As we wait for the COPA decision, the nervous flutter in my stomach is a personal thing. If the law is found enforceable, will I be among those slated for six months in prison and a stiff daily fine? As an author, I'm taking COPA very personally. Maybe it's because I lived in fascist Spain in the 1960s and got to see that kind of religious censorship close up, as a U.S. editor working in Madrid, and knew about people who went to prison because what they wrote was viewed as "harmful" to Spanish youth.
It's very personal -- my nine titles for sale on the Web -- books that could be deemed "harmful" by any religious nut who decides to lobby for my prosecution. My 1974 gay novel The Front Runner has been sold to public libraries and college courses across the country, where people under 18 can find it. My newest, The Lavender Locker Room, about GLBT people in sports, just went up on the online order page of Wildcat Press, my publishing company, as well as Amazon.com, barnesandnoble.com and other online booksellers.
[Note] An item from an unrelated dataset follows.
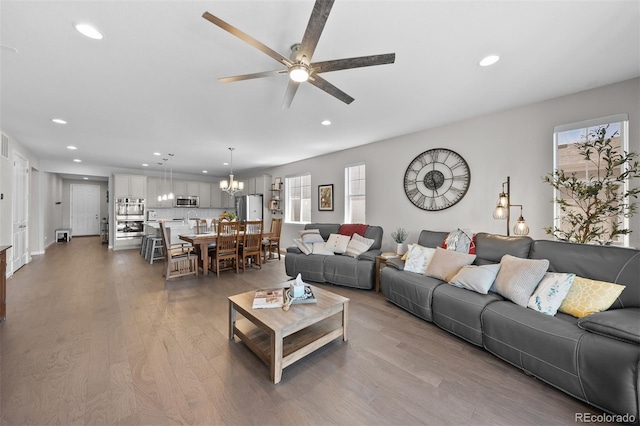 3575 White Rose Loop, Castle Rock, CO 80108 - living area with a ceiling fan, healthy amount of natural light, recessed lighting, wood finished floors, and a chandelier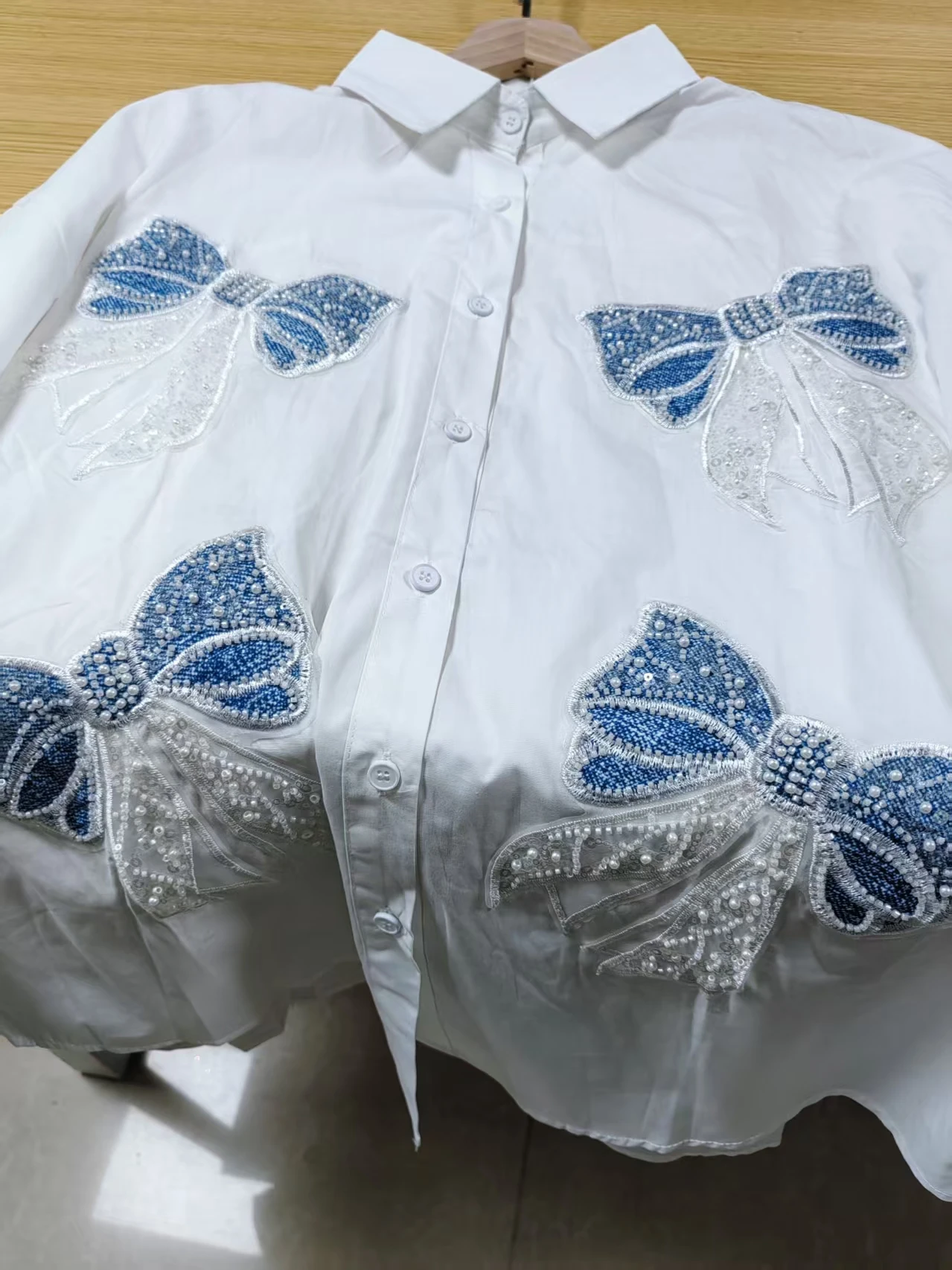 مشاعل مطرزة تصميم فاخر قمصان وبلوزات ملابس نسائية قمصان ملابس كورية شعبية أزرار حتى قميص نسائي طويل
I could find myself without my personal freedom and the personal ability to make a living. My body of work, which I have spent 35 years creating and publishing, could disappear in the blink of an eye. Once any author is attacked by COPA prosecution, you can bet your bottom dollar that their books -- and any books like them -- will vanish from the marketplace overnight. Few online booksellers will want to risk this kind of extreme prosecution and draconian punishment by the government. It will get very personal for them too.